The Mudcat Café TM
Thread #150703   Message #3646038
Posted By: beardedbruce
28-Jul-14 - 02:24 PM
Thread Name: BS: Small hope for Israel/Palestine
Subject: RE: BS: Small hope for Israel/Palestine
Persecution of England's Jews could be brutal; recorded are deadly massacres at London[10] and York[11] during the crusades in 1189 and 1190.

On November 17, 1278, all Jews of England, believed to have numbered around 3,000, were arrested on suspicion of coin clipping and counterfeiting, and all Jewish homes in England were searched. At the time, coin clipping was a widespread practice, which both Jews and Christians were involved in, and a financial crisis resulted, and according to one contemporary source, the practice reduced the currency's value to half of its face value. In 1275, coin clipping was made a capital offence, and in 1278, raids on suspected coin clippers were carried out. According to the Bury Chronicle, "All Jews in England of whatever condition, age or sex were unexpectedly seized … and sent for imprisonment to various castles throughout England. While they were thus imprisoned, the innermost recesses of their houses were ransacked." Some 680 were detained in the Tower of London. More than 300 are believed to have been executed in 1279. Those who could afford to buy a pardon and had a patron at the royal court escaped punishment.[12]

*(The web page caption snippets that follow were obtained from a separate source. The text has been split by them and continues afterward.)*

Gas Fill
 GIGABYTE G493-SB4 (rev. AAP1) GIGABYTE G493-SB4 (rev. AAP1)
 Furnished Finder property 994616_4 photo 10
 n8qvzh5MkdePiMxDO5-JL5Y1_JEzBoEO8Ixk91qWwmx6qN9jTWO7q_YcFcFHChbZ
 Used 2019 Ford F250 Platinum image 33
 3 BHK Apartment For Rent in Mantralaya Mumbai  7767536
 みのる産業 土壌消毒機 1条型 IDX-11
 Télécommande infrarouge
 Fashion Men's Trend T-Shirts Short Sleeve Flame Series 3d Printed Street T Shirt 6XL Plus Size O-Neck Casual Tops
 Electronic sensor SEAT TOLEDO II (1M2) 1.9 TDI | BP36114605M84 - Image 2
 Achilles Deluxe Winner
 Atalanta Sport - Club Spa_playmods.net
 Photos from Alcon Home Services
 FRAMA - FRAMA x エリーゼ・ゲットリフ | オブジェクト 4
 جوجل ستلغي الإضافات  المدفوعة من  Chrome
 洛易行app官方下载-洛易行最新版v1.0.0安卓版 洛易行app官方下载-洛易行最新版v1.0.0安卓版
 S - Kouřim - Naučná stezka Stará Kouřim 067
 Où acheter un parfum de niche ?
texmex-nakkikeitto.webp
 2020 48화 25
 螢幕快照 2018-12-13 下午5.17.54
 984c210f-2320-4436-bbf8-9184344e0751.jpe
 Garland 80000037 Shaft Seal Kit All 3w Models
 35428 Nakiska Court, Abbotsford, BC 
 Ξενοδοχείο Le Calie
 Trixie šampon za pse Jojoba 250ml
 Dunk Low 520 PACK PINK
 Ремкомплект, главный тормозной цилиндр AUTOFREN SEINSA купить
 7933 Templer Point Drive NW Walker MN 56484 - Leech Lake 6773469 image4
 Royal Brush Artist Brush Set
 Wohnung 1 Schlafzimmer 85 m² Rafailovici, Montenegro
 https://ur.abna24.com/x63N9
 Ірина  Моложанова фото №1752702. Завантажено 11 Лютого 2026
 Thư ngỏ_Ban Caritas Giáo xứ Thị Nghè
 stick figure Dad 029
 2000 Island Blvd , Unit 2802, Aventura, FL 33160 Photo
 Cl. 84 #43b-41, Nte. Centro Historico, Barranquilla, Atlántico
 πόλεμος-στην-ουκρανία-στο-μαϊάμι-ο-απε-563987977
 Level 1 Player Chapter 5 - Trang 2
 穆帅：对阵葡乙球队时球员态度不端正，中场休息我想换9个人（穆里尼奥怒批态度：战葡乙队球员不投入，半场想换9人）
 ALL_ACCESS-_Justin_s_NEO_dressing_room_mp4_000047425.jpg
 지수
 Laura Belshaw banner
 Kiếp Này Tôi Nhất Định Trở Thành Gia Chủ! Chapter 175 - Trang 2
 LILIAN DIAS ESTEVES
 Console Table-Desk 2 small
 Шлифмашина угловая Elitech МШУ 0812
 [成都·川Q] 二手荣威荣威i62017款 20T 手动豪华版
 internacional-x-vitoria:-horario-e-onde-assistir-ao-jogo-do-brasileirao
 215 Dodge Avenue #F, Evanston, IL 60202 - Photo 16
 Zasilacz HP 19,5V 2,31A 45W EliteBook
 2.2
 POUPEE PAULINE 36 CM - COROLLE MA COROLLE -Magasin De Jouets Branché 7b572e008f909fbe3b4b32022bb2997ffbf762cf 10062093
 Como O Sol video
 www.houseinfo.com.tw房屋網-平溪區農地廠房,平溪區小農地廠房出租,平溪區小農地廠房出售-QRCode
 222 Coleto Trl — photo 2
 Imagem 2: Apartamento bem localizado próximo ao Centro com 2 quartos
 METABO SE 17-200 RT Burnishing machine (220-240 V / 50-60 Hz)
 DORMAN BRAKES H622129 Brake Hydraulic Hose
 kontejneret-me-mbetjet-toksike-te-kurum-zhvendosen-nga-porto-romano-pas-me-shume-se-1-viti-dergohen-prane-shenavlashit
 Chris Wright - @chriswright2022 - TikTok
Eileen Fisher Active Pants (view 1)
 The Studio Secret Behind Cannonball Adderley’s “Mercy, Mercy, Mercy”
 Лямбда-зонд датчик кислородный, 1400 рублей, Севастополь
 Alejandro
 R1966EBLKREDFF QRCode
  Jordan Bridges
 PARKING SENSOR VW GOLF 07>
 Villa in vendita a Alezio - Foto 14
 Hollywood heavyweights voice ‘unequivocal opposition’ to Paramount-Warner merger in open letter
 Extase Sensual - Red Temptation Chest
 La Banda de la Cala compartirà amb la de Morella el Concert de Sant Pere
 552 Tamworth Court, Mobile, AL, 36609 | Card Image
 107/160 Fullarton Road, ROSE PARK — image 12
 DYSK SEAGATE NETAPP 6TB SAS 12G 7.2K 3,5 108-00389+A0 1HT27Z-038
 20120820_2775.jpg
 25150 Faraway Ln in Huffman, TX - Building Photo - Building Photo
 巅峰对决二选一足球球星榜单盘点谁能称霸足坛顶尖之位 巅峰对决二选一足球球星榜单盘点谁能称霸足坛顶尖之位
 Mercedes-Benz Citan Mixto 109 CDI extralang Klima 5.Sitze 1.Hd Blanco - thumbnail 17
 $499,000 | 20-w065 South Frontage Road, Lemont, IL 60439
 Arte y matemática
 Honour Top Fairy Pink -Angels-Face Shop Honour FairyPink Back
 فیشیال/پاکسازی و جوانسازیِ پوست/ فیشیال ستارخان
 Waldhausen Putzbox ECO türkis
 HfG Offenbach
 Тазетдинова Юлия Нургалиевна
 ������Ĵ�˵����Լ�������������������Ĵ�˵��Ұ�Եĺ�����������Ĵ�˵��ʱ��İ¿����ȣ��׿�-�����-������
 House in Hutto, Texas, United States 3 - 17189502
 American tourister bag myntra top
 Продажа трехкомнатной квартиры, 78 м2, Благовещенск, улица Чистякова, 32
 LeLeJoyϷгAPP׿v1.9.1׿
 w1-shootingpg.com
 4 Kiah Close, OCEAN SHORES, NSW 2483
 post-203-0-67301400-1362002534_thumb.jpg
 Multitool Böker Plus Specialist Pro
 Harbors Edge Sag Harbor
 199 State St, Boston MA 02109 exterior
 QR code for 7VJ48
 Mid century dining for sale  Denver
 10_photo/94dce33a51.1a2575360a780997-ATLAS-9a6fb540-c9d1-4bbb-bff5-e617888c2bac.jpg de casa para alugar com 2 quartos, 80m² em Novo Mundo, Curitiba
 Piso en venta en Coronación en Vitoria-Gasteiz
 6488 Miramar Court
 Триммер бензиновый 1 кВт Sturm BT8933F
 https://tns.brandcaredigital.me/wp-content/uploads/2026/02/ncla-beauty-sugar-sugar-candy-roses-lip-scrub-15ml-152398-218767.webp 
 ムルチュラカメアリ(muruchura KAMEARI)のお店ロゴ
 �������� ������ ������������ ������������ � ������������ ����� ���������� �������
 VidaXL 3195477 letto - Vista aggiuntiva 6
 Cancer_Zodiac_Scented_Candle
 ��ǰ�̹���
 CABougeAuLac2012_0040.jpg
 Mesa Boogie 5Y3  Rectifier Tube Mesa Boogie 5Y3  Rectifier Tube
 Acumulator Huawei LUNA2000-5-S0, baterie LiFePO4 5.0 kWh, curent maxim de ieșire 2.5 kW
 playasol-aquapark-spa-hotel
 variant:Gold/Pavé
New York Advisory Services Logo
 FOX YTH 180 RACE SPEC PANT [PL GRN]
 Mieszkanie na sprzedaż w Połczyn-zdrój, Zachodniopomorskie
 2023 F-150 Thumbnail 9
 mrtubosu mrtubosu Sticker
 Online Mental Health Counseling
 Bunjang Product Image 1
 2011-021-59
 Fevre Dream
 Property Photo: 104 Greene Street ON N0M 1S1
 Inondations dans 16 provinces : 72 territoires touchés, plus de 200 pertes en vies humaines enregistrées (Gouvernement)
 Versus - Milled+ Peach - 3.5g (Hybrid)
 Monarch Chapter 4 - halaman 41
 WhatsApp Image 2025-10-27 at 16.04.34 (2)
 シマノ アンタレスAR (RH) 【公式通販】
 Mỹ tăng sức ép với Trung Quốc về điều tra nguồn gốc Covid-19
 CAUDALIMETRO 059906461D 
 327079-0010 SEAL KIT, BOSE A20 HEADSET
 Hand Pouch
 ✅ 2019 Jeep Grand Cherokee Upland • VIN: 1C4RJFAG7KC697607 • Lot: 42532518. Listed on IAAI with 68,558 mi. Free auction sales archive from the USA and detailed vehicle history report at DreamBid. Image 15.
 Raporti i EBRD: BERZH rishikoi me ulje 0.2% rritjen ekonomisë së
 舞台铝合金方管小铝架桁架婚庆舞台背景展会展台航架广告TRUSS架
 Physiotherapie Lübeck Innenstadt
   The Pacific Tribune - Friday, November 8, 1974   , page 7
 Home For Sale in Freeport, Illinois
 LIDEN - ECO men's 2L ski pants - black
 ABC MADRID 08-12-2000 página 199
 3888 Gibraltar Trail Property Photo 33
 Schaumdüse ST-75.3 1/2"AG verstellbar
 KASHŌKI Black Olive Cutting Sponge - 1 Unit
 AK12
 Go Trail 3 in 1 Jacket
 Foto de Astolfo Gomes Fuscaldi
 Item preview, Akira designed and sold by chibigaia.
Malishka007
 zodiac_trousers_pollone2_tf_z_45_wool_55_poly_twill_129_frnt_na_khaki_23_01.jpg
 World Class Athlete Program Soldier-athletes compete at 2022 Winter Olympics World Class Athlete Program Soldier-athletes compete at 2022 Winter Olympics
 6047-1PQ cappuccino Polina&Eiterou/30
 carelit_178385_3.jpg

Edward I increasingly showed anti-Semitism as in 1280 he granted a right to levy a toll on the rivulet bridge at Brentford "for the passage of goods over it, with a special tax at the rate of 1d. each for Jews and Jewesses on horse, 0.5d. each on foot from which all other travellers were exempt".[13] This antipathy eventually culminated in his legislating for the expulsion of all Jews from the country in 1290. Most were only allowed to take what they could carry.[citation needed] A small number of Jews favoured by the king were permitted to sell their properties first. Almost all evidence of a Jewish presence in England would have been wiped out if it had not been for the efforts of one monk, Gregory of Huntingdon, who purchased all the Jewish texts he could to begin translating them.[5]